Витий многоречных безгласными, как рыбы, видим перед тобой Богородице. Они не в силах объяснить, как Ты, Девой оставаясь, при всем том могла родить. Мы, же, таинству дивясь, с верою взываем:
Радуйся, Божией Мудрости приятелище,
Радуйся, промысла его тайнохранилище,
Радуйся, философов в простаков обращающая,
Радуйся, речистых безгласными являющая,
Радуйся, ретивые спорщики тупыми стали,
Радуйся, легенд слагатели завяли.
Радуйся, бредни афинские расторгающая,
Радуйся, мрежи рыбарей (т. е. Апостолов) наполняющая.
Радуйся, из глубины невежества извлекающая,
Радуйся, многих смыслом осенякмцая,
Радуйся, корабль спастися стремящихся,
Радуйся, пристанище по морю жизни носящимся.
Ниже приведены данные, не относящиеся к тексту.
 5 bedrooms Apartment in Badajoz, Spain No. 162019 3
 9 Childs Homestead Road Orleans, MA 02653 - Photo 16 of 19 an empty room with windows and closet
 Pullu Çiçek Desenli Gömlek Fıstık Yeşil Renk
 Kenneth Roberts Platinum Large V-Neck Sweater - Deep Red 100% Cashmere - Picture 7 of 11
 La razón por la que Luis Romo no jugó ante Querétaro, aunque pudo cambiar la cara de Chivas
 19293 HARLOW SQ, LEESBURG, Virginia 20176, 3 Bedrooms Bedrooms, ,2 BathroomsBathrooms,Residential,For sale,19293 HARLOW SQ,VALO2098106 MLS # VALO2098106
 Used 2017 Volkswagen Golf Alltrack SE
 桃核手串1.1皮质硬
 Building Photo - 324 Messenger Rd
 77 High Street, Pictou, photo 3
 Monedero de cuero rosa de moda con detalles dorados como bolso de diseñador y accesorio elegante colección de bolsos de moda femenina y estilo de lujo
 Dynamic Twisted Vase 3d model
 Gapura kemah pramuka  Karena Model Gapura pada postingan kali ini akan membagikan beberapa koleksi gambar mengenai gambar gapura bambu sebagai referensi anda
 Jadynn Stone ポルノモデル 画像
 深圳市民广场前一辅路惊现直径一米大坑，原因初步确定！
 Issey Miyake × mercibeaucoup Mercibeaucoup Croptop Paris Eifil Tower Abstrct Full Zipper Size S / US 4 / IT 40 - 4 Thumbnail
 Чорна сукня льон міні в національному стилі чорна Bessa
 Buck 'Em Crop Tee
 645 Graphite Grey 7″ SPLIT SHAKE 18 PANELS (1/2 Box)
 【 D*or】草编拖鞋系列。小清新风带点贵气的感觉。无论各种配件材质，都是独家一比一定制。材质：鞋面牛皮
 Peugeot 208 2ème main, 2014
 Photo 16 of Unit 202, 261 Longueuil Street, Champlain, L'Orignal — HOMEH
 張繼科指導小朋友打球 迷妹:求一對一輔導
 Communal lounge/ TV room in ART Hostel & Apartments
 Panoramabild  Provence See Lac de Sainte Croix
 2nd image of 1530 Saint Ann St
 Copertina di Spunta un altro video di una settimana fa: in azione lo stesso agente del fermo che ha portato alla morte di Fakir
Радуйся, Невеста неневестанная[676].
В средние века, когда на смену рабовладельческому обществу пришел феодализм, некоторые схоласты, знатоки церковного учения, подымали вопрос: может ли материя мыслить? О них Маркс и Энгельс писали :
«Материализм — прирожденный сын Великобритании. Уже ее схоластик Дунс Скот спрашивал себя: пне способна ли материя мыслить?»
Чтобы сделать возможным такое чудо, он прибегал к всемогуществу божьему, т. е. он заставлял самое теологию проповедовать материализм»2.
Таким образом, в своей современной форме, точно так же как и в античной, материализм возник в лоне матери-церкви.